As Rés contestaram, pugnando pela improcedência da acção e pela consequente absolvição do pedido.

Argumentaram, nesse sentido, em resumo, que as fracções autónomas a que a Autora alude foram oferecidas pela Autora e pelo seu falecido marido à 1ª Ré; que, pouco tempo antes da celebração da escritura de compra e venda cuja validade a Autora agora questiona, o falecido DD manifestou vontade de que a 1ª Ré providenciasse pela inscrição das ditas fracções em seu nome; e que, nessas circunstâncias, usando a procuração de que dispunha, celebrou com a 2ª Ré a mencionada escritura de compra e venda, que é válida.

A Autora replicou, contrariando a matéria da contestação e pedindo a condenação das Rés como litigantes de má fé.

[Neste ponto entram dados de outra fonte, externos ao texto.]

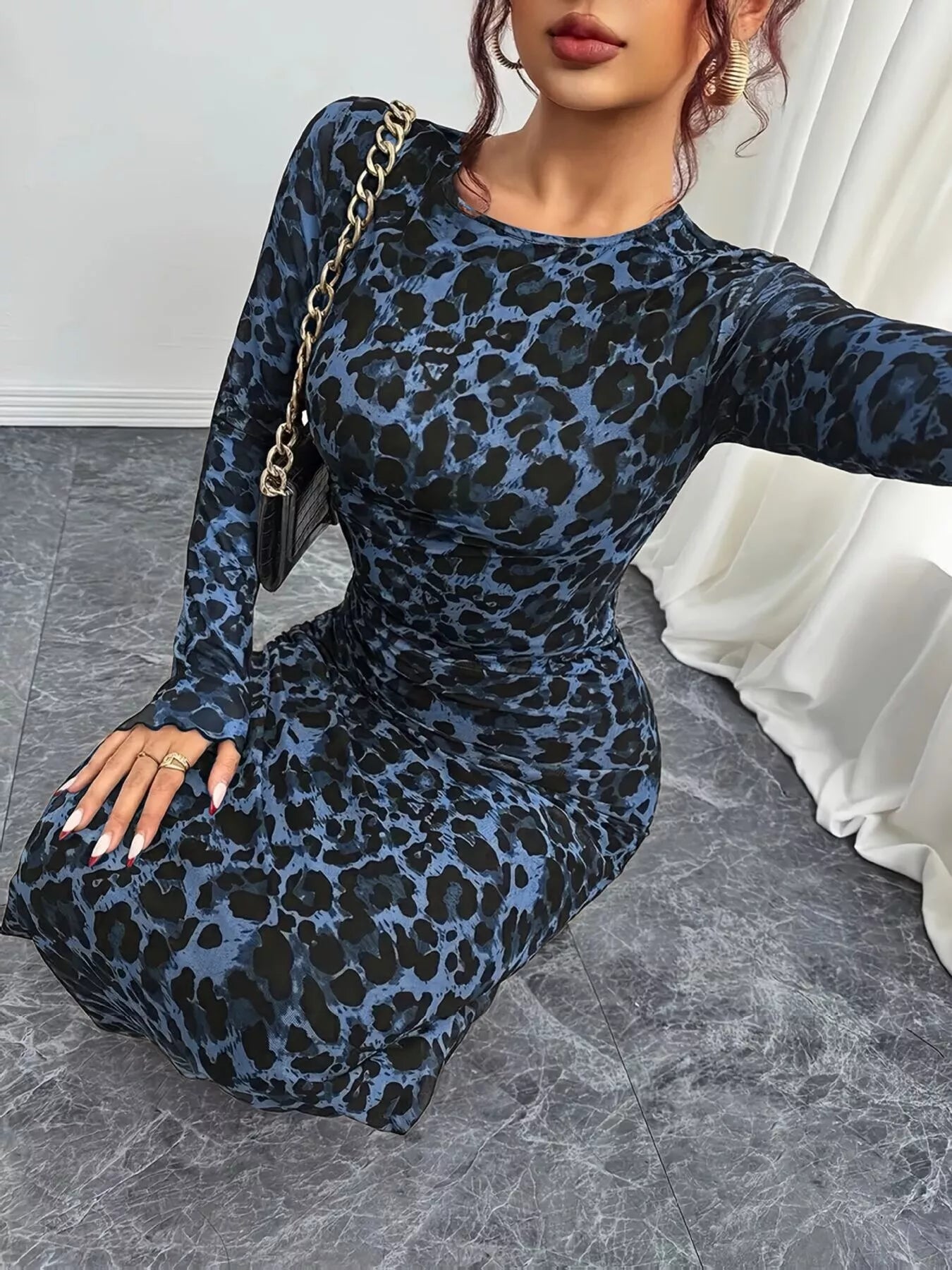 Leopard Print Long Sleeve Maxi Dress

As Rés opuseram-se, sustentando inexistir fundamento para tal condenação.

Saneada, condensada e instruída a causa, realizou-se a audiência de discussão e julgamento, em cujo âmbito foi proferido o despacho de fls. 280 a 285 respondendo aos quesitos da base instrutória e desse modo decidindo a matéria de facto controvertida.

*** Foi proferida a sentença de fls. 287 a 303, cujo segmento decisório se transcreve: “Em face de todo o exposto, julgo parcialmente procedente, por parcialmente provada, a presente acção e, em consequência: 1. Declara-se que a Autora é herdeira de DD; 2. Absolvem-se as Rés do que, no mais, contra si foi peticionado nestes autos.

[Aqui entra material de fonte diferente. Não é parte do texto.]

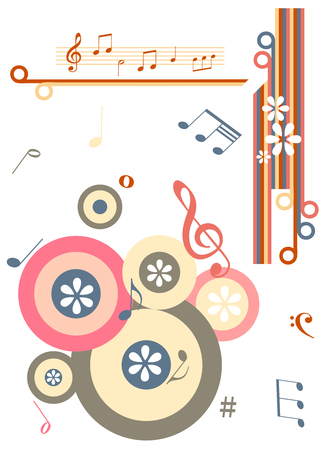 Grunge illustration with music notesのイラスト素材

  1. Condena-se a Autora nas custas processuais (arts. 449º e 446º, nºs, 1 e 2, do Código de Processo Civil)”.

    *** Inconformada, a Autora recorreu para o Tribunal da Relação de Coimbra, que por Acórdão de 12.3.2013 – fls. 460 a 482 verso –, sentenciou: “a) Julgar procedente a apelação; b) Revogar, na parte impugnada, a sentença recorrida; c) Julgar procedente a acção e, por via disso, mantendo a sentença recorrida na parte não impugnada, em que declarou que a Autora é herdeira de DD: 1) Declarar nula, por simulação, a compra e venda das fracções autónomas identificadas nas alíneas E) e F) dos factos assentes (nºs 5 e 6 do elenco constante do item 2.1.2., supra), formalizada pela escritura pública celebrada em 04 de Agosto de 2005, no Cartório Notarial de ..., a cargo do Notário EE, em que foram intervenientes BB, na qualidade de procuradora de DD e de AA, como vendedora, e CC, como compradora; 2) Ordenar o cancelamento dos registos efectuados junto da Conservatória do Registo Predial da ... e do averbamento efectuado na Repartição de Finanças da ..., com base na compra e venda referida.

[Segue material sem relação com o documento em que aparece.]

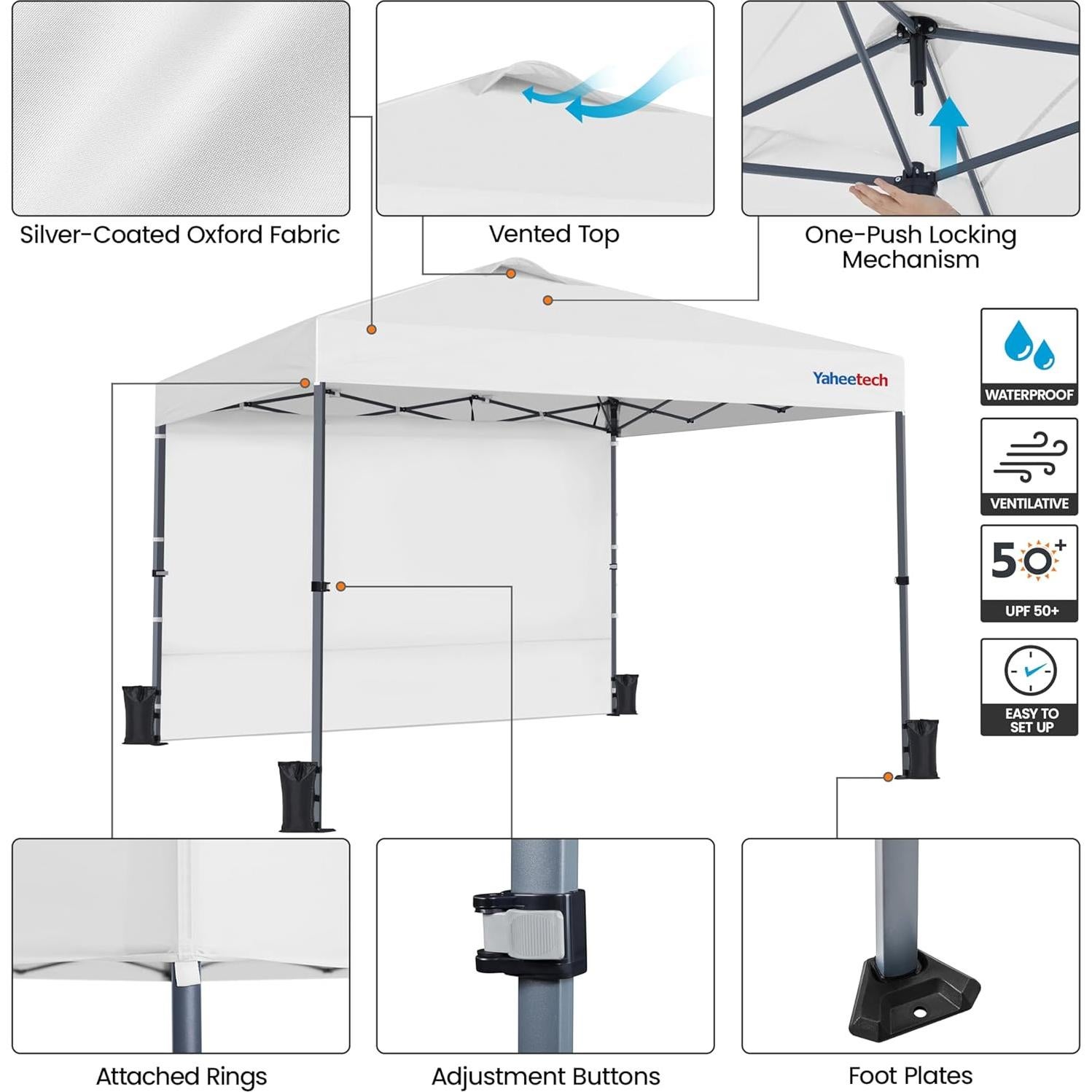 Yaheetech 10x10 FT Pop Up Canopy Tent with 4 Side Walls & One-Push Setup & Roller Bag, Outdoor Heavy-Duty Instant Event Tent for Garden/Wedding/Party, White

    3) Ordenar a restituição à herança das fracções autónomas mencionadas; d) Não conhecer dos pedidos formulados a título subsidiário.

    […]” *** Inconformadas, as Rés recorreram para este Supremo Tribunal de Justiça e, alegando, formularam as seguintes conclusões: 1. Reportam-se as presentes alegações a recurso de revista interposto perante esse douto Supremo Tribunal de Justiça do acórdão proferido pela Relação de Coimbra que decidiu pela alteração da matéria de facto considerada provada e não provada em 1ª instância, e consequentemente julgou procedente o pedido efectuado pela Recorrida, na parte que respeita à existência de negócio simulado.

  2. O Acórdão viola de forma manifesta as normas processuais e de direito substantivo aplicáveis in casu, o que implicará a sua revogação.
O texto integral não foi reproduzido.